Which model is best for speed and accuracy?

I’m building an AI agent chatbot using OpenAI’s API. Which model would be the best choice for speed and accuracy: gpt-4o-mini-2024-07-18 or gpt-3.5-turbo?

1 Like

gpt-4o-mini wins for speed.

Model Trials Avg Latency (s) Avg Rate (tokens/s)
gpt-4o-2024-08-06 4 0.739 41.698
gpt-4o-2024-05-13 4 0.730 64.069
gpt-4o-2024-11-20 4 0.676 37.113
gpt-4o-mini 4 0.558 111.561
gpt-3.5-turbo 4 0.571 63.459

(this is me running all 20 API call trials in parallel, with a small messages input.)

gpt-4o-mini has a decidedly different response quality and understanding, especially in a longer chat. gpt-4o-mini also allows much more as input messages. It might predictively chat well, but it also does not adapt well to original tasks an API developer might “program”. You will need to evaluate the quality of each.

4 Likes

does the last version of GPT-4o will be the last stable version - i mean gpt-4o-2024-08-06?

1 Like

one more thing i also used o3-mini but i noticed that its very slow. why?

If you simply specify “gpt-4o”, you will currently get gpt-4o-2024-08-06. This is a “recommended model” pointer.

The “O” series of AI models, such as o3-mini are reasoning models.
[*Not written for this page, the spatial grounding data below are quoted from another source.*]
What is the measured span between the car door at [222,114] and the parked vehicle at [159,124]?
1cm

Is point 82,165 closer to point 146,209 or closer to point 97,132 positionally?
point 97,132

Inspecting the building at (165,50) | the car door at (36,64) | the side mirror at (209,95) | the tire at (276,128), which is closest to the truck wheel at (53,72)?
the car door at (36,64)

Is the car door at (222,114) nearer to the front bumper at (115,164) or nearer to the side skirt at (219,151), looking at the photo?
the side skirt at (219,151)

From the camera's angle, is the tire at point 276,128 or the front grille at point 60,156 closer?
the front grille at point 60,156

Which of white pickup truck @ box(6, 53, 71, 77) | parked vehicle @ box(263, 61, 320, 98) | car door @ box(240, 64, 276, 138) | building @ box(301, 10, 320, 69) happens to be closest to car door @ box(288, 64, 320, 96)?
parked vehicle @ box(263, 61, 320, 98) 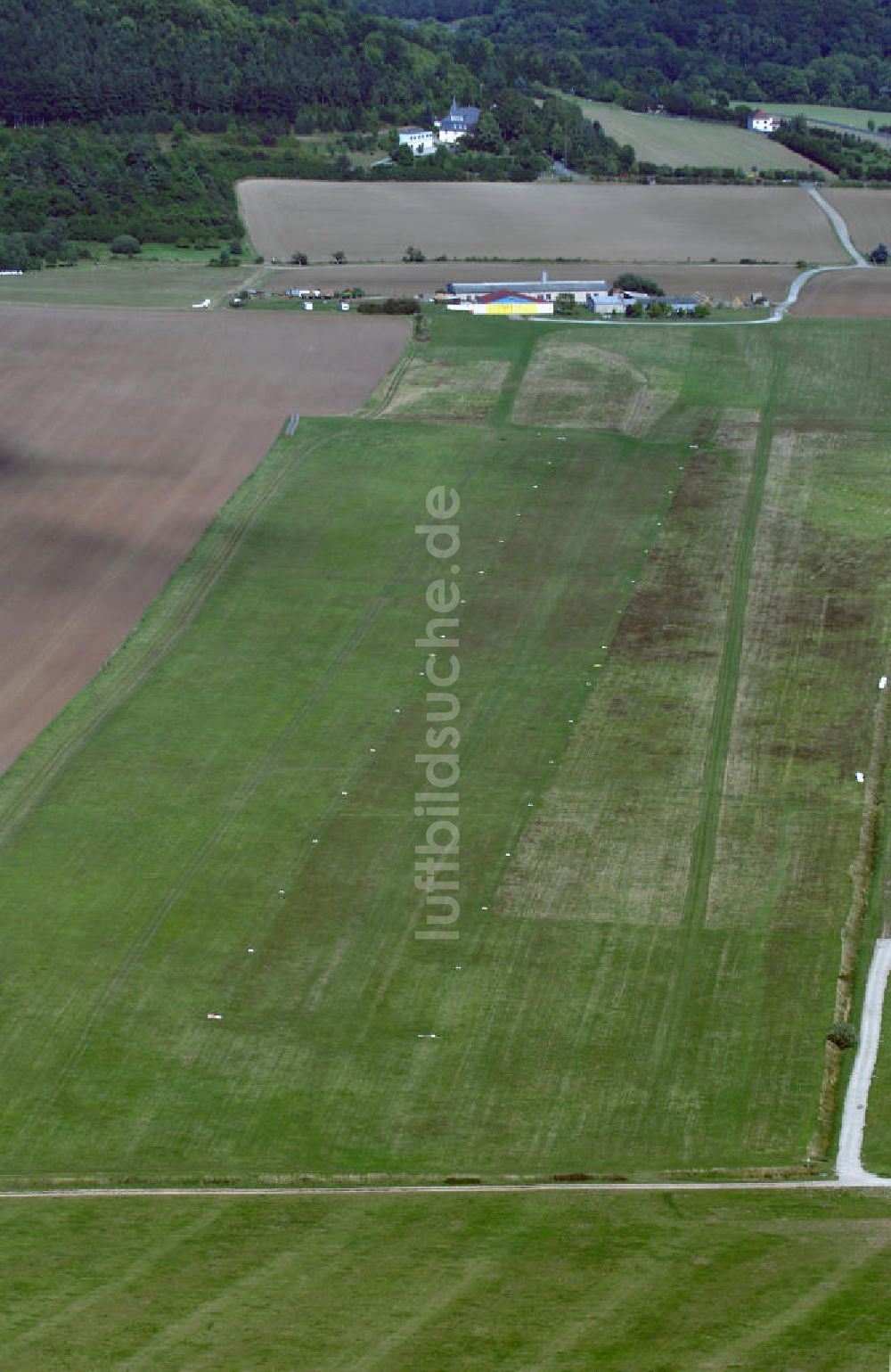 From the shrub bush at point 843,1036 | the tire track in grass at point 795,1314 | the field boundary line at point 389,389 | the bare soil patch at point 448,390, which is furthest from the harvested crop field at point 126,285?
the tire track in grass at point 795,1314

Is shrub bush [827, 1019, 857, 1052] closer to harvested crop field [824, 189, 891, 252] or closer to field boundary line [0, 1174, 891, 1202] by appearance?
field boundary line [0, 1174, 891, 1202]

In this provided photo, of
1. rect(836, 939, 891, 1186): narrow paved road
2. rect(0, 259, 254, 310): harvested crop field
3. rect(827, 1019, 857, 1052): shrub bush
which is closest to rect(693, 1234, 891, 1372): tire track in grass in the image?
rect(836, 939, 891, 1186): narrow paved road

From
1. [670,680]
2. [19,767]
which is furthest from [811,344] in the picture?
[19,767]

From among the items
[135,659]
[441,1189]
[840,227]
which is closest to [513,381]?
[135,659]

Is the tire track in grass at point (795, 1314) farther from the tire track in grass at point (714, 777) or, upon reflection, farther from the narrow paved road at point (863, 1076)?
the tire track in grass at point (714, 777)

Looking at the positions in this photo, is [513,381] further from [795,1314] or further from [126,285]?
[795,1314]

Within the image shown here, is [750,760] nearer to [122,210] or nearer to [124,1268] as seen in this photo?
[124,1268] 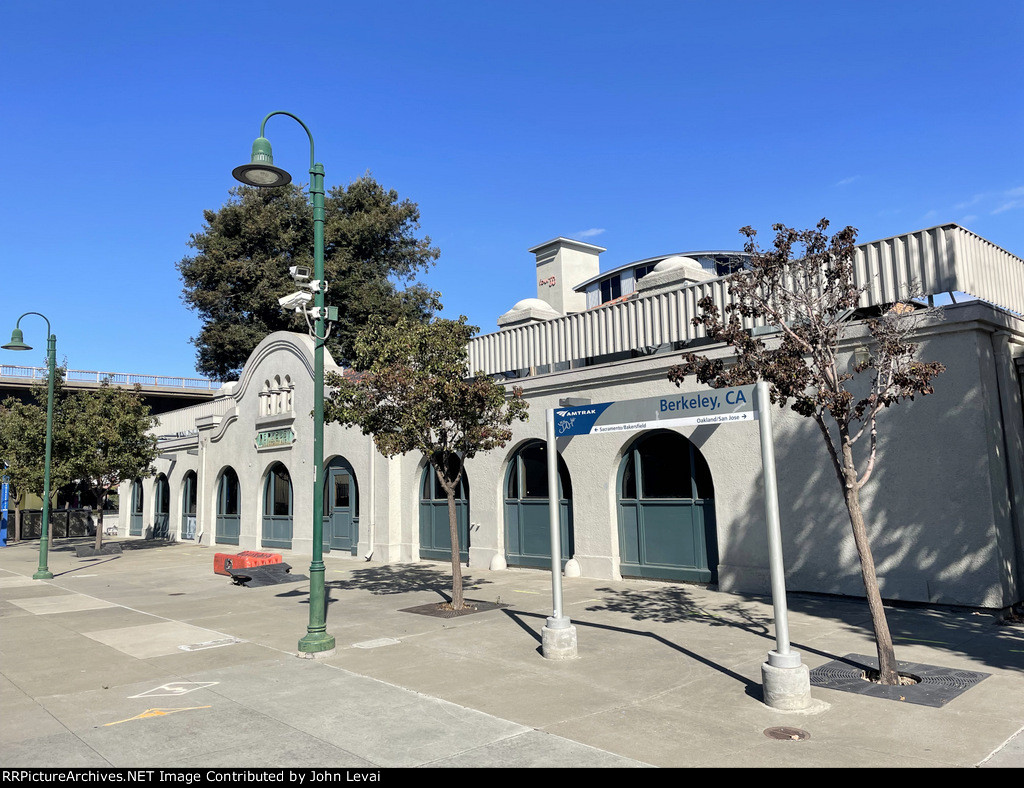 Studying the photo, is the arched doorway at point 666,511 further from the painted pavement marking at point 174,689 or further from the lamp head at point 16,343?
the lamp head at point 16,343

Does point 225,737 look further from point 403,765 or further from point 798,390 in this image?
point 798,390

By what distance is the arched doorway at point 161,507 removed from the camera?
3403 cm

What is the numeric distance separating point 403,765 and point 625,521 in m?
10.2

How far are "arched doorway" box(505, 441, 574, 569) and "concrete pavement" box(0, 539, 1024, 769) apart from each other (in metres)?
2.89

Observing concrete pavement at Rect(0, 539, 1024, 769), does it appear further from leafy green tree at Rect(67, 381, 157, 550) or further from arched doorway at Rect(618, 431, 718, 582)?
leafy green tree at Rect(67, 381, 157, 550)

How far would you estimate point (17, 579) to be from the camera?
19.5 metres

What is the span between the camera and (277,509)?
2564 centimetres


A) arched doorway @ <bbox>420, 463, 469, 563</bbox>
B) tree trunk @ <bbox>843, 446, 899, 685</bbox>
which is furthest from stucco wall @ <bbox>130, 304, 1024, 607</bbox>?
tree trunk @ <bbox>843, 446, 899, 685</bbox>

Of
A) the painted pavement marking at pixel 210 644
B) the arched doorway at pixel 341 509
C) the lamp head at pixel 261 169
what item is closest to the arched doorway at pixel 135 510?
the arched doorway at pixel 341 509

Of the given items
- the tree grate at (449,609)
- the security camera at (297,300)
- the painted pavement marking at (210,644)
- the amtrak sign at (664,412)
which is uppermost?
the security camera at (297,300)

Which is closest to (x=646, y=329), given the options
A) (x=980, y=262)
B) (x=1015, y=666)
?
(x=980, y=262)

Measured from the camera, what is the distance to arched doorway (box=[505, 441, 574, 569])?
16.8m

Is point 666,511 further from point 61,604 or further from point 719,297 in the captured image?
point 61,604

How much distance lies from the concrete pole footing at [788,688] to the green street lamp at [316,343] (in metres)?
5.57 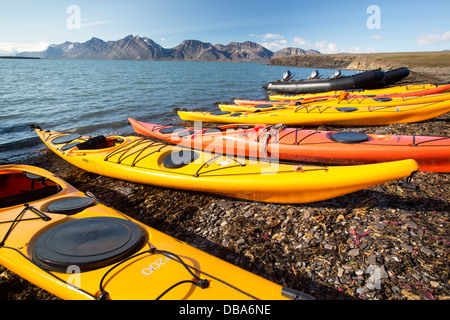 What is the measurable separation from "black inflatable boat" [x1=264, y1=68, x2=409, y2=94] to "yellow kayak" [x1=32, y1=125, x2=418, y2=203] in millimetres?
13358

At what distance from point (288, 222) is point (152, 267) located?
7.38 feet

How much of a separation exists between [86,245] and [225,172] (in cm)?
255

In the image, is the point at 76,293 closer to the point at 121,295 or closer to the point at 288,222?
the point at 121,295

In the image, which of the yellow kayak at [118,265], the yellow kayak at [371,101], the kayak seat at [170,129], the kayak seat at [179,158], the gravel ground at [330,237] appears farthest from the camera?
the yellow kayak at [371,101]

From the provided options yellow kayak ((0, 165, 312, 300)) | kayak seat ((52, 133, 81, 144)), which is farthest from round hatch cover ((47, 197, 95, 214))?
kayak seat ((52, 133, 81, 144))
They generate internal planning and thoughts that you do not see, at higher expense. Think of them as puzzle and problem solvers instead of conversationalists. It also takes a reasoning_effort parameter so you can tune how much thinking and dedication is allotted before responding.

https://platform.openai.com/docs/models#o3-mini

I assume this is a polite way of saying “comparatively bad”, but I’d like to hear more about your specific experiences - where it falls short, and how you believe it is best used. I’ve spent extensive time with it as well, and I’ve been wondering recently, if those shortcomings in comprehension are useful as guidelines to better design our prompts, tools, etc.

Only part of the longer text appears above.